Rather than being evolutionary dead ends, unisexual salamanders thrived. While sexual salamanders produce between one and ten eggs, the unisexual ones produce as many as 30. And studies of a group of unisexual salamanders in Ohio (who steal sperm from a different species of salamander than the Blue Spotted) found that they regrow their tails 1.5 times faster than regular salamanders. (If anyone can figure out a half decent pun about unisexual salamanders getting more tail, or tails, um, please drop me a line.)

“Salamanders are kind of strange,” observes Hoffmann. “Usually animals have a set of rules for unisexual reproduction, but salamanders don’t follow them.” Some of the unisexual salamanders she’s found have not just two or three sets of chromosomes but four or even five.

And in the vernal pools, things get even stranger.
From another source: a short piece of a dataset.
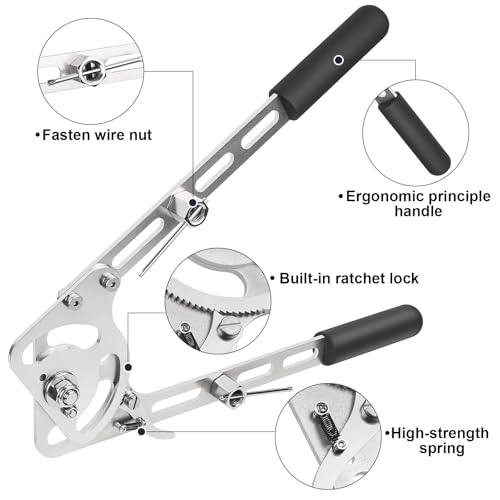 Heavy Duty Fence Fixer, Fence Wire Repair Tool, Fence Restoration Fence Stretcher Tool, Barb Wire Tightener for Tightening Loose & Broken Wire, Fast, Staple-Free for Farms, Ranches, Horse Ranch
In other salamander complexes, the usual ratio between unisexual salamanders and their sperm donors is 2 to 1 or 3 to 1. But in the Maine vernal pools that Hoffmann surveyed there are 78 unisexual females for every blue spotted male. That’s a ratio that’s theoretically impossible because it’s thought that a blue spotted male only has enough sperm packets for 7-35 females. Are the males producing a lot of sperm? Are the females reproducing without males? “They’re doing something theoretically impossible and we don’t know what it is,” she says.

This spring Hoffmann will do a series of studies of salamanders to see how they’re reproducing, but the question isn’t just academic. The blue spotted salamanders are at the bottom of their geographic range, and as the climate warms, they may move further north. If it turns out that the unisexual salamanders can reproduce even without male sperm, then Maine may still have lots of these salamanders to feed our bears, eat our mosquitos, and outweigh us. If not, well, the woods may change right beneath our feet.